To date, business software firms have focused their products solely on companies involved in manufacturing. Now ERP vendors are revving-up their offerings to meet the supply chain management needs of service-oriented companies, including banking, health care, insurance, entertainment, education, and real estate, among others. Nonmanufacturing firms represent a large untapped new market for software vendors, and about 70 percent of the U.S. gross national product.
Announced today, J.D. Edwards' new offering, called Asset Investment Management and Execution service (AIMx), aims to help service organizations better manage all areas of their businesses.
The AIMx framework includes individual applications that are designed to meet the specific needs of each vertical market.
The framework uses ActivEra, a collection of tools and technologies that allow customers to easily change their applications to respond to demands of their business environment.
"This is a different approach to a very complex issue," said Jim Tudrick, J.D. Edwards' worldwide marketing director for service industries. "Everyone has concentrated on the manufacturing distribution side. No one has concentrated on the more difficult thing: supply chain services."
"There's a lot of opportunity there," said John Fontanella, analyst at AMR Research in Boston.

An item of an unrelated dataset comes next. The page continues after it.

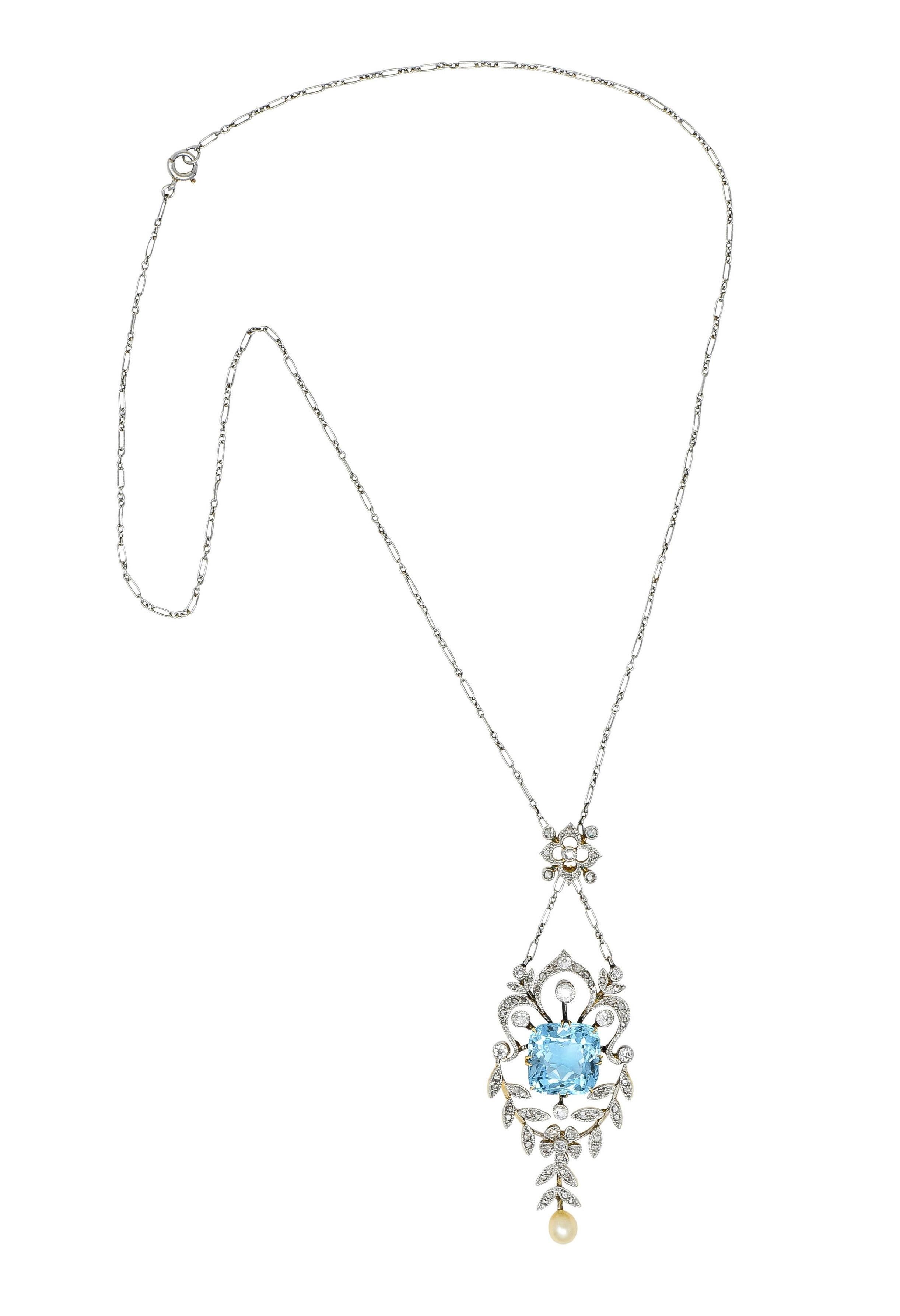 Édouardien Collier Edwardian 6.00 CTW Aquamarine Diamond Pearl Platinum 18K Gold Antique Necklace en vente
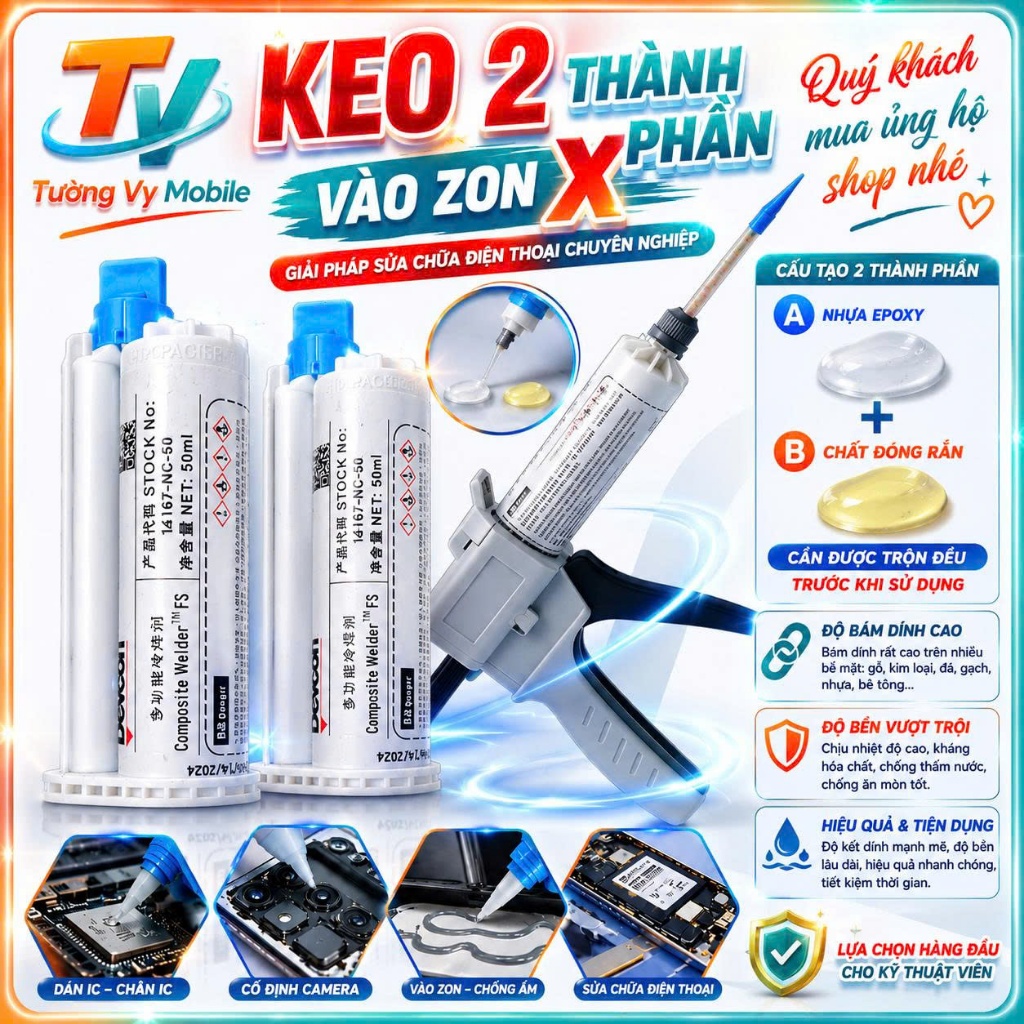 KEO 2 THÀNH PHẦN VÀO ZON X – GIẢI PHÁP KẾT DÍNH CHO THIẾT BỊ ĐIỆN TỬ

For example, he said, a large bank could use supply chain management software to schedule ATM pickups, track brochure distribution, manage printing projects, and handle paychecks and office supplies sent to branches.
Fontanella said service-oriented companies will likely achieve notable success with supply chain software over the next several years that will help bring these embryonic offerings into the mainstream. AMR expects the overall supply chain management market to grow 50 percent to $4.5 billion in 1999, excluding nonmanufacturing sales.